### Your objective
Down to the last word, output the records below, skipping any images.
[Data records Boundary: Start]
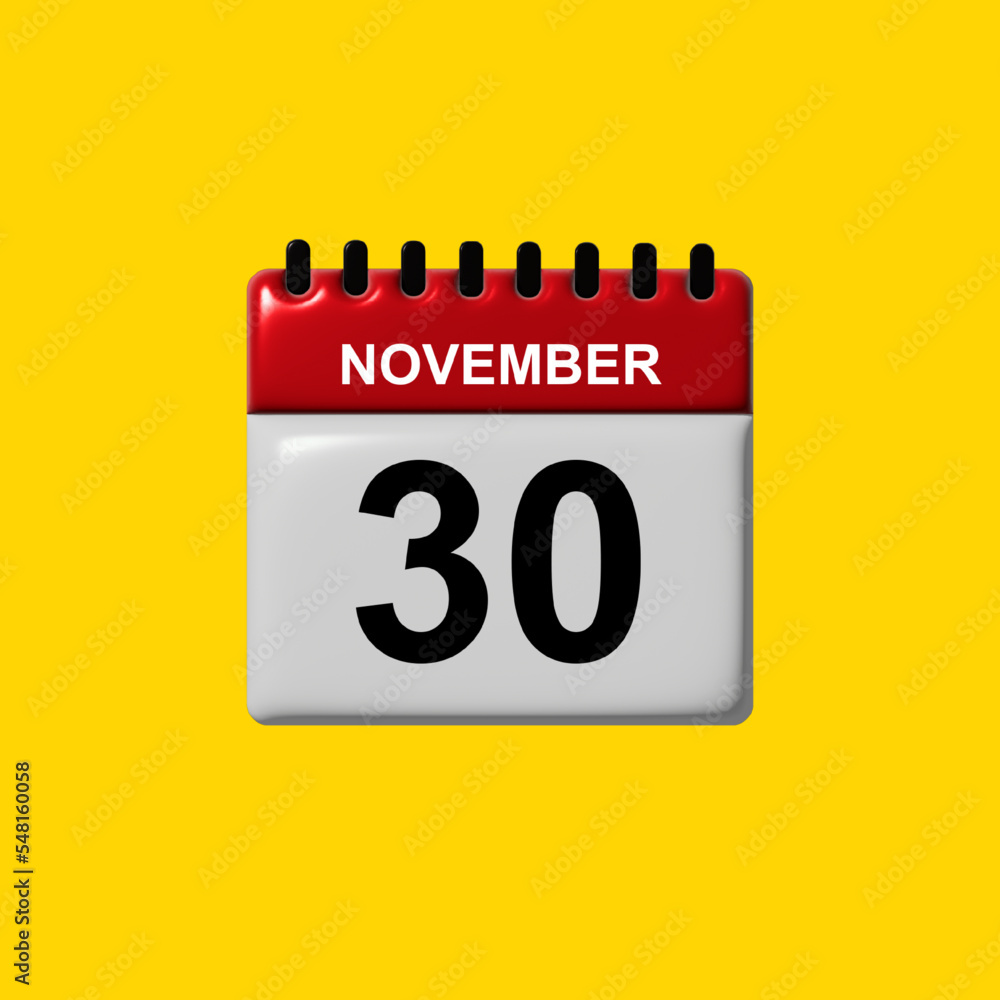 november 3d calendar vector design. november calendar design template. 3d calendar design vector illustration november 3d calendar vector design. november calendar design template. 3d calendar design vector illustration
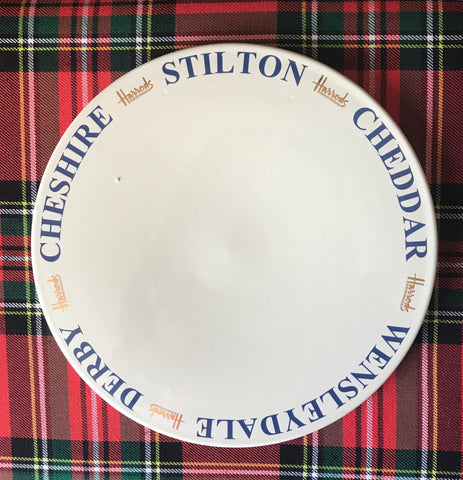 Harrods Blue & White Ironstone Advertising English Cheese Board Dairy Slab Serving Plate / Tray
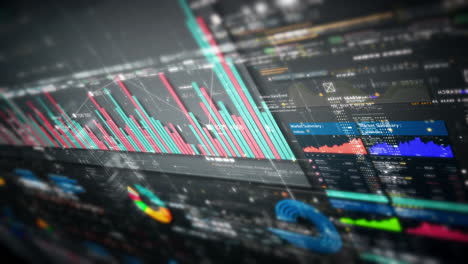 mercado de valores de negocios, comercio, gráfico de información con gráficos animados, gráficos y análisis de información de números de datos que se mostrarán en la pantalla de visualización del monitor para el tema de la maqueta de la reunión de negocios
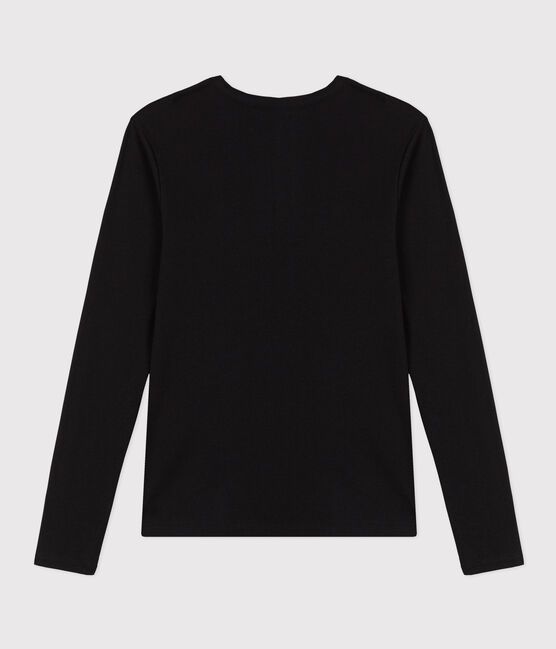Langärmeliges Damen-T-Shirt L'Iconique aus einfarbigem Rippstrick schwarz BLACK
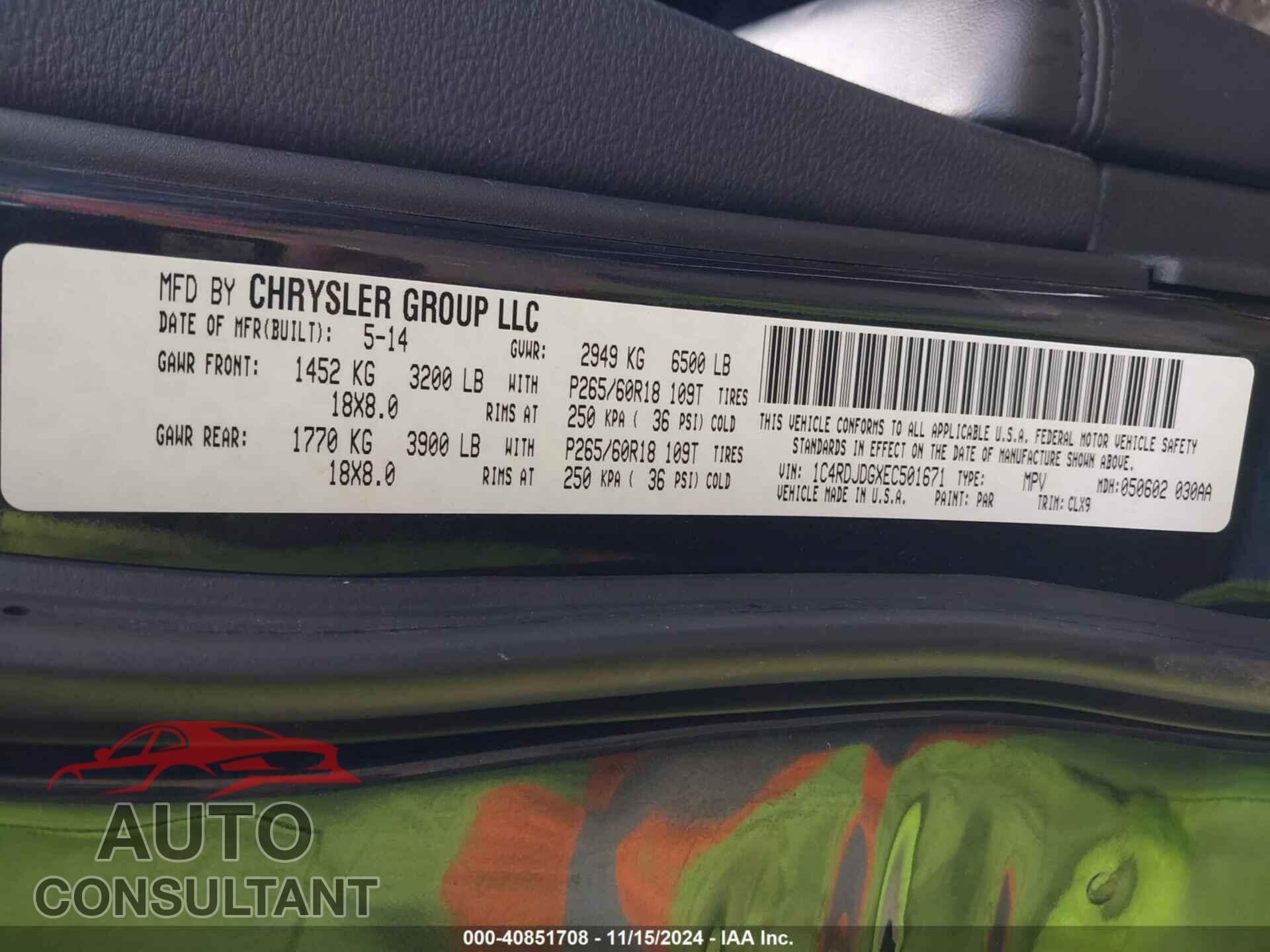 DODGE DURANGO 2014 - 1C4RDJDGXEC501671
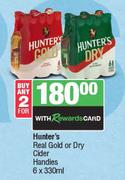 Hunter's Real Gold Or Dry Cider Handies-For 2 x 6 x 330ml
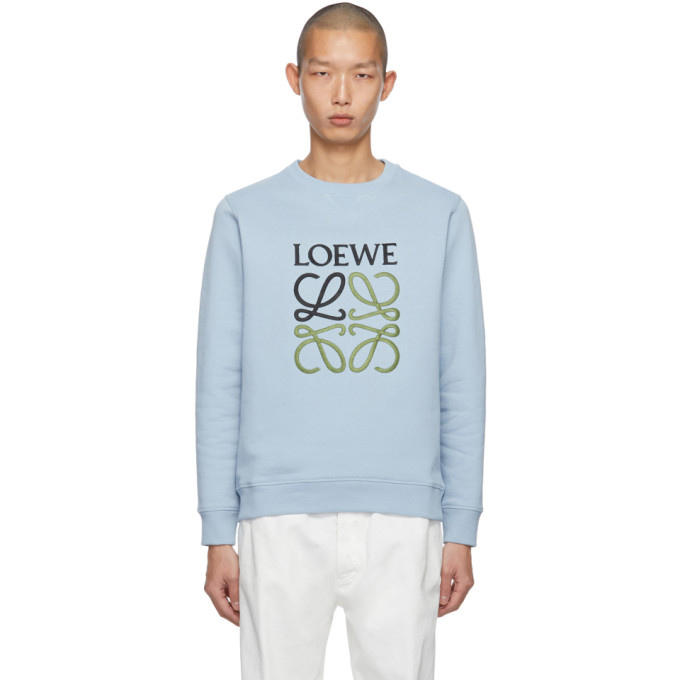 LOEWE BLUE EMBROIDERED ANAGRAM SWEATSHIRT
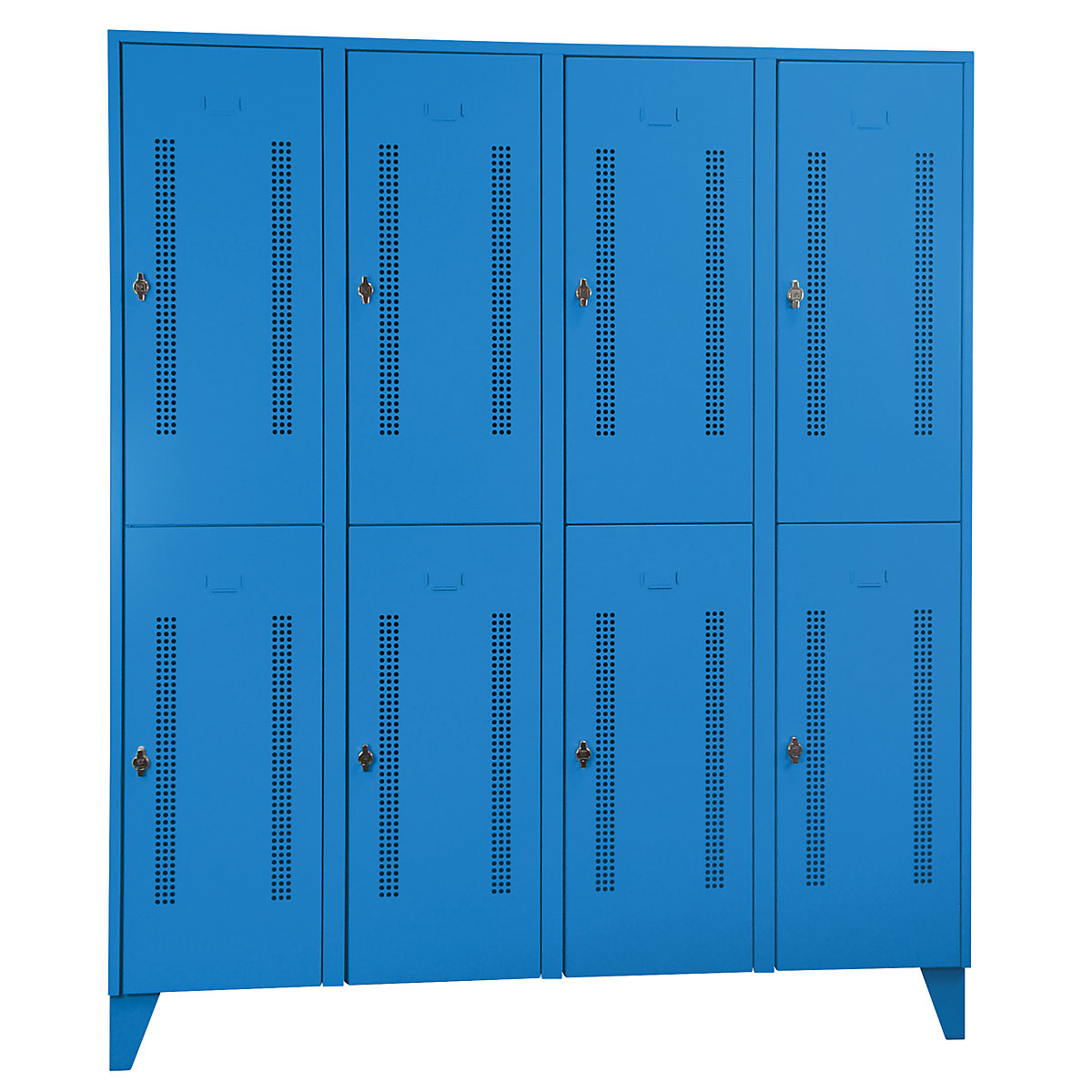 Taquilla de acero con patas – Wolf, compartimentos de media altura, puertas de chapa perforada, anchura de compartimento 400 mm, 8 compartimientos, azul luminoso-9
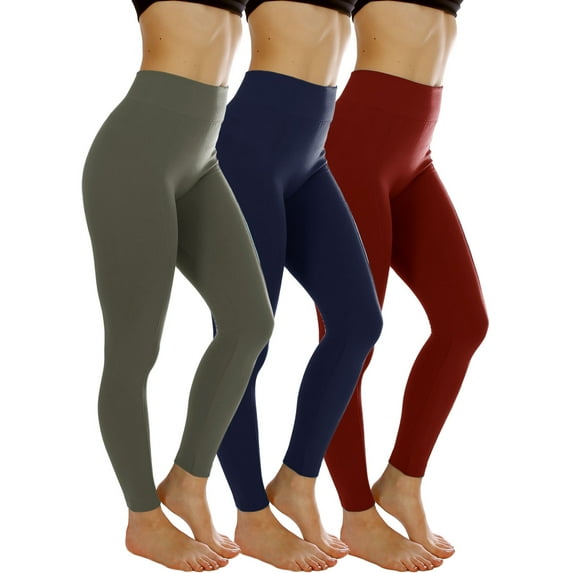 3 Pack Women's High Waist Fleece Lined Thermal Leggings with Flattering Front Seam Winter Legging
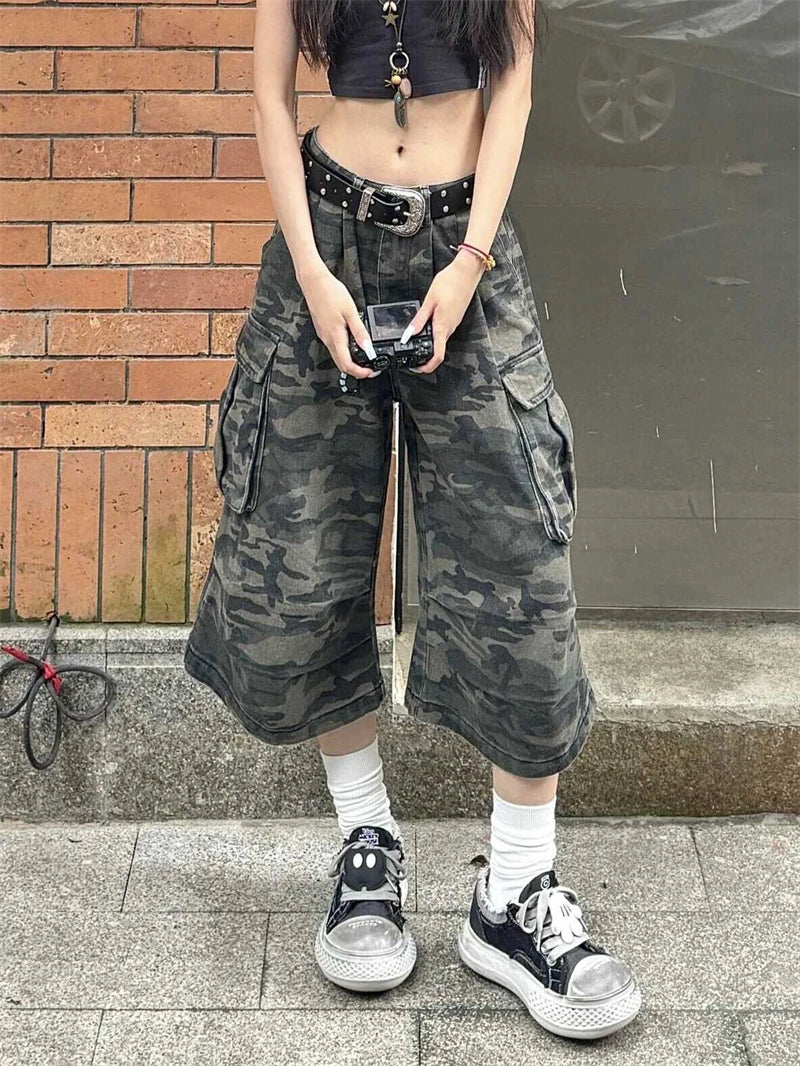 Women's Camouflage Cargo Jeans Harajuku Y2k Baggy Denim Trousers 90s Aesthetic Jean Pants Vintage 2000s Emo Trashy Clothes 2024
[Data records Boundary: End]
### The answer
 november 3d calendar vector design. november calendar design template. 3d calendar design vector illustration november 3d calendar vector design. november calendar design template. 3d calendar design vector illustration
 Harrods Blue & White Ironstone Advertising English Cheese Board Dairy Slab Serving Plate / Tray
 mercado de valores de negocios, comercio, gráfico de información con gráficos animados, gráficos y análisis de información de números de datos que se mostrarán en la pantalla de visualización del monitor para el tema de la maqueta de la reunión de negocios
Langärmeliges Damen-T-Shirt L'Iconique aus einfarbigem Rippstrick schwarz BLACK
 DODGE DURANGO 2014 - 1C4RDJDGXEC501671
 Hunter's Real Gold Or Dry Cider Handies-For 2 x 6 x 330ml
 LOEWE BLUE EMBROIDERED ANAGRAM SWEATSHIRT
 Taquilla de acero con patas – Wolf, compartimentos de media altura, puertas de chapa perforada, anchura de compartimento 400 mm, 8 compartimientos, azul luminoso-9
 3 Pack Women's High Waist Fleece Lined Thermal Leggings with Flattering Front Seam Winter Legging
 Women's Camouflage Cargo Jeans Harajuku Y2k Baggy Denim Trousers 90s Aesthetic Jean Pants Vintage 2000s Emo Trashy Clothes 2024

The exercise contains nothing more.